---------- GIVEN INFORMATION

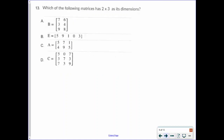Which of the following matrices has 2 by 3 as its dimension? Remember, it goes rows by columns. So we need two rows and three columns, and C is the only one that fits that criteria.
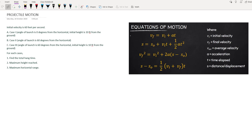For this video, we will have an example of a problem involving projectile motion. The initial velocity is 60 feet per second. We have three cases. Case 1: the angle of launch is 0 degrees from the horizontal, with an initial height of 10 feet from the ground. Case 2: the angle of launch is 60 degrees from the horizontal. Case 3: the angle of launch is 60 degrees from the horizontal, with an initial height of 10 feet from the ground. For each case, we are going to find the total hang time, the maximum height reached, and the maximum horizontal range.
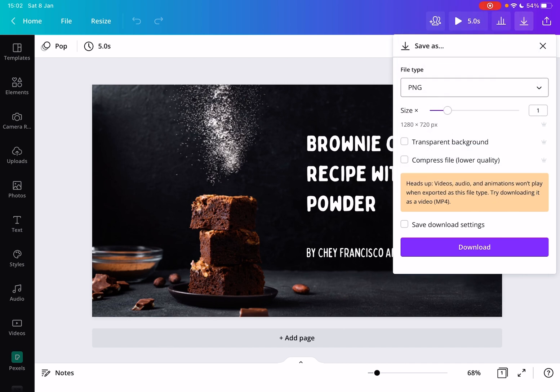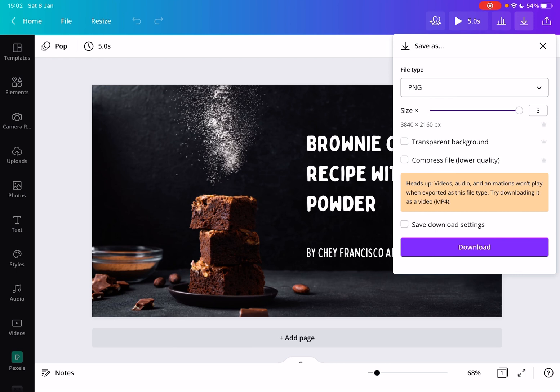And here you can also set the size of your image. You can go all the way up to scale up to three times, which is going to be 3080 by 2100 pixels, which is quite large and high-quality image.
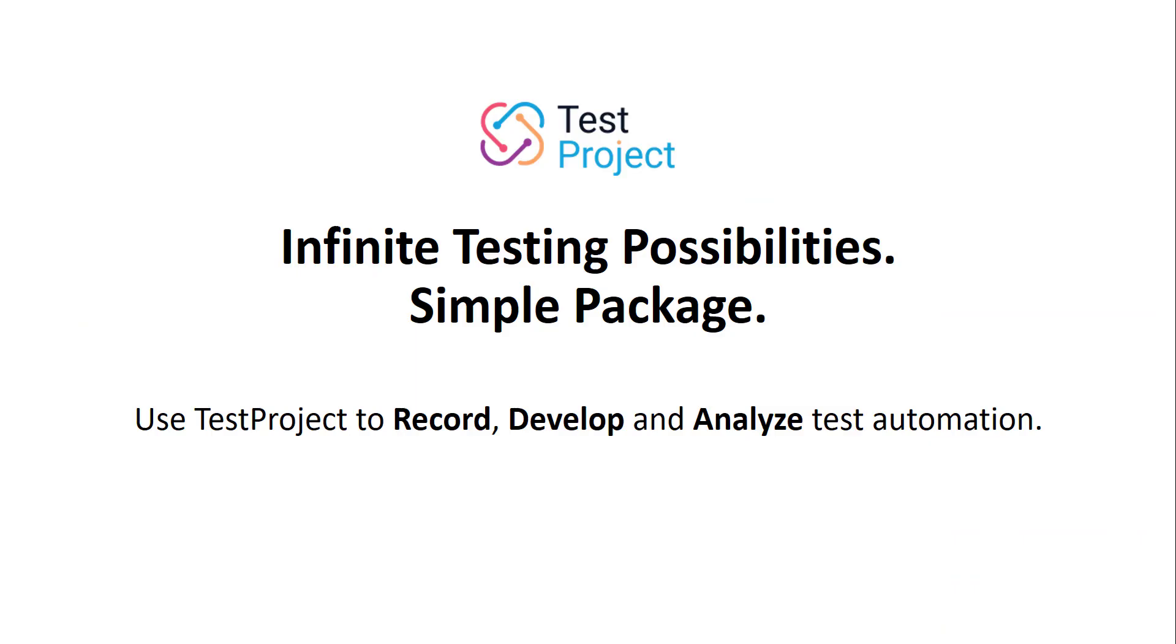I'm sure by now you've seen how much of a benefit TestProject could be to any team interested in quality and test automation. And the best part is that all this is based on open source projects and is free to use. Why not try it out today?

--------------------
---------- GIVEN INFORMATION

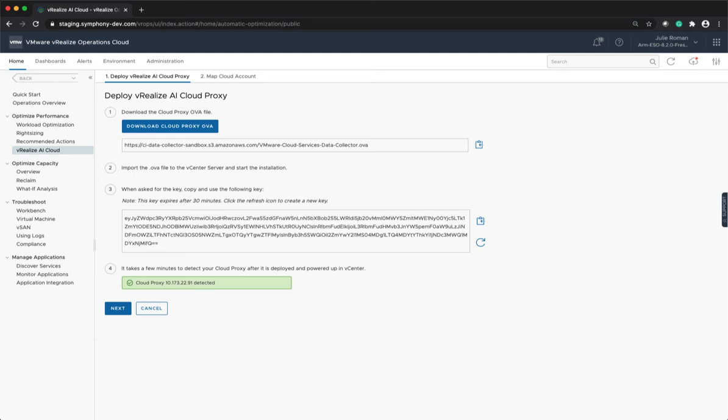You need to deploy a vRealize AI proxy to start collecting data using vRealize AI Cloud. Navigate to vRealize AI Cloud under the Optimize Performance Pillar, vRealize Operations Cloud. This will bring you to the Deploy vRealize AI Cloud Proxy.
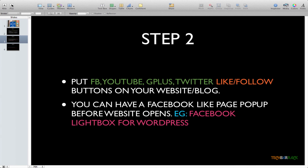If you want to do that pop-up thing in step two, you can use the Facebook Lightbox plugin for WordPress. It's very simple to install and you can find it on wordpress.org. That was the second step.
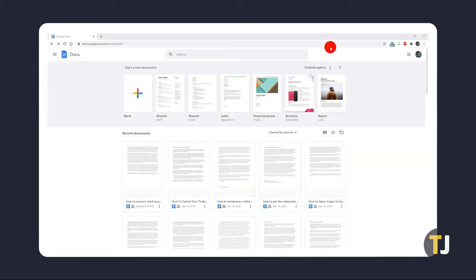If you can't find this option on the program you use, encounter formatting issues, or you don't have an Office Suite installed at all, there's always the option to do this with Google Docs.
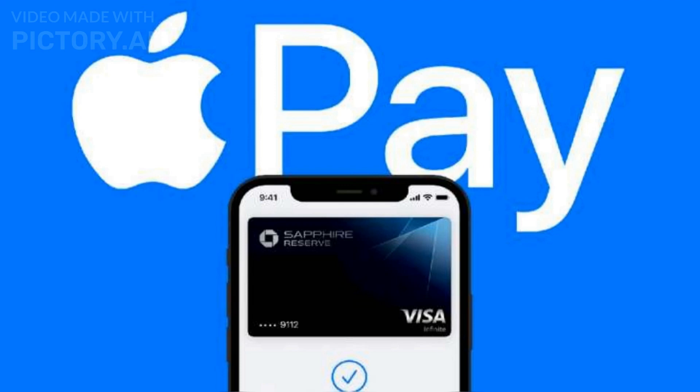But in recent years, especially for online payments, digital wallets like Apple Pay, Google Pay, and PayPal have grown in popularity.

--------------------

DESCRIPTION OF THE TASK: Nothing but the lines above from the one that has "If you can't" down to the one that has "But in recent" belongs in the answer, copied exactly, without pictures.

ANSWER FOR THE TASK:
If you can't find this option on the program you use, encounter formatting issues, or you don't have an Office Suite installed at all, there's always the option to do this with Google Docs.
But in recent years, especially for online payments, digital wallets like Apple Pay, Google Pay, and PayPal have grown in popularity.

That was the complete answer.